ClimbNZ rates the complete traverse of the Nga Tohu Pinnacle Ridge as one of the best alpine adventures in the North Island. They also promise that “Rock is sound over practically the entire traverse and there are a number of sound and adequate belays”. This climb had been a goal of Greg and mine for the 2015 winter season, so on the arrival of a good weekend weather window, we roped in a token “friend-with-car” (Sam) and headed down late Friday night.
Arriving around 1am, we set up camp in the emergency shelter, enjoyed 4 hours of sleep before enthusiastically bouncing up off the cold floor around 5am. Our general joy of mountains and awakeness was fueled by an outstanding breakfast of a boiled egg and a packet of m&ms each, which was actually fairly disgusting, but still probably the best meal we had the whole weekend.
We had decided previously to do this trip with the lightest packs possible, and somehow this turned into a challenge to traverse the pinnacles and go straight to the NZAC hut, followed by a day climbing on Sunday, while leaving the car with only day packs. I happily revealed that my daypack was in fact, a 5-7L cycling backpack, perfect for multi-day alpine trips. This culminated in the decision that one 500g sleeping bag would do for the three of us.
We slogged up the Rockgarden in the dreary darkness, and managed to initially overshoot the easy face leading up to the ridge north of Great Pinnacle.

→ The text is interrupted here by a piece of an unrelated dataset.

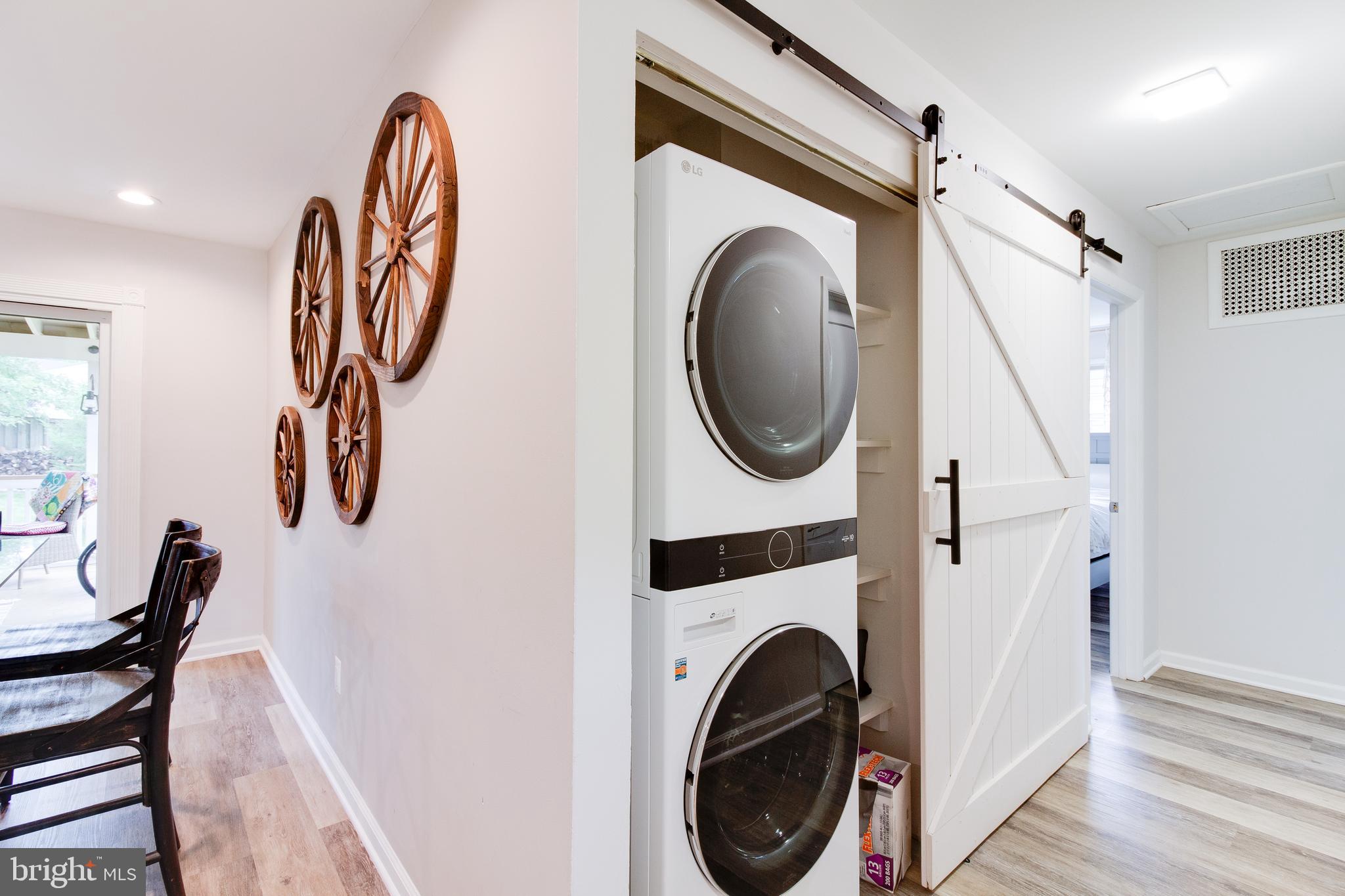 DUNN LORING WOODS - Residential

Once on said face, we all started sugar crashing hard. There were huge amounts of whinging, mostly about the lack of coffee, but also concerning the no sleep and terrible breakfast. Despite this, we managed to struggle up the fairly short climb to hit the ridge just as the sun rose.

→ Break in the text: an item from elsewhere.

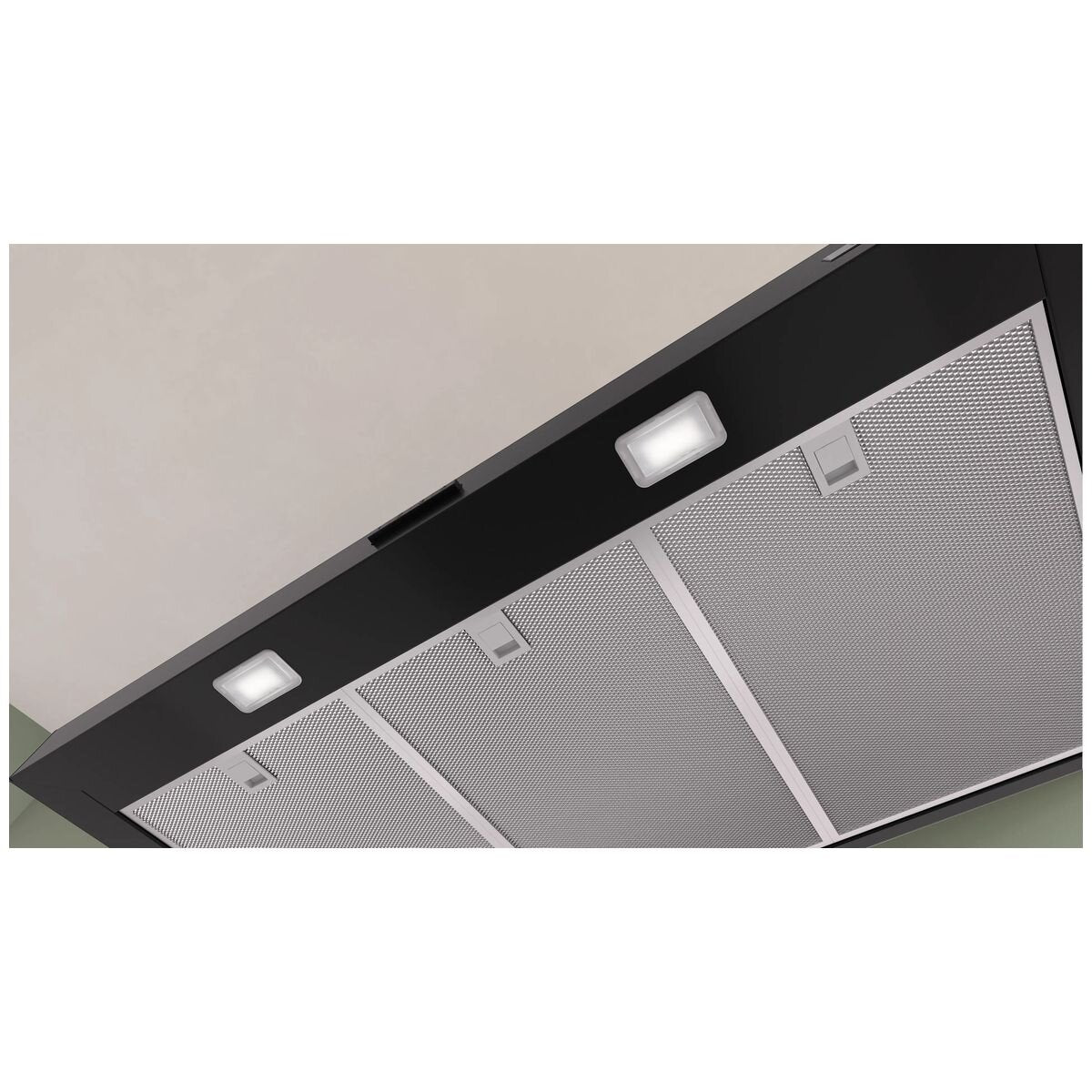 Bosch Series 4 90cm canopy rangehood - Matt black - 594m³/h, 3 power levels, push buttons - DWB95CC60A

The shot of vitamin D got us feeling more invigorated than a happy little bunch of spring chickens, and we charged up to the peak of great pinnacle, and whipped out the rope, which was tied in a bit of a tangle to the outside of my tiny pack, for the big abseil down to the col at the top of grand gully. This was our first experience of the supposedly ‘sound’ rock, which although was slightly more solid than further up, still had a habit of breaking off the face and zooming past your head while abseiling. Apart from this, the climb up Great Pinnacle (coming from the other direction) looks like a cool challenge.
A couple more pitches and some easy soloing on soft snow and steadily deteriorating rock took us to the top of the first pinnacle, where we stopped for an energy lunch of lumps of cheese and bits of stale wraps. Greg produced his coup de grace, a litre of wine, which was delicious, perfect for the place and conditions, and well worth the sacrifice of what would have been space for Sam’s sleeping bag.

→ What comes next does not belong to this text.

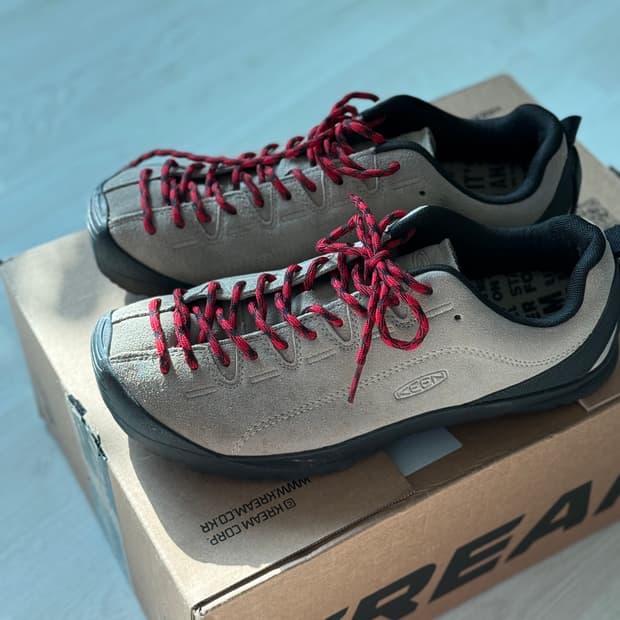 킨 재스퍼 스웨이드 실버 밍크 팝니다(270)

We dropped down an easy gulley south of the First Pinnacle, and made it back to the NZAC hut for some much needed afternoon naps. Our hopes at scrounging leftover food from the hut were thwarted, probably by Pet and Owen, who had been living there all week. This left us with a dinner of plain pasta with… more cheese. The following day we headed up to the summit plateau with renewed energy, mostly due to Edwin arriving late Saturday night armed with coffee. We did a couple of fun ice routes on Tukino Peak, while Ed stole my super hard core multi-day mountaineering pack to tick off the 12 summits of Ruapehu in a 10 hour push. An adventure to aspire to for next year!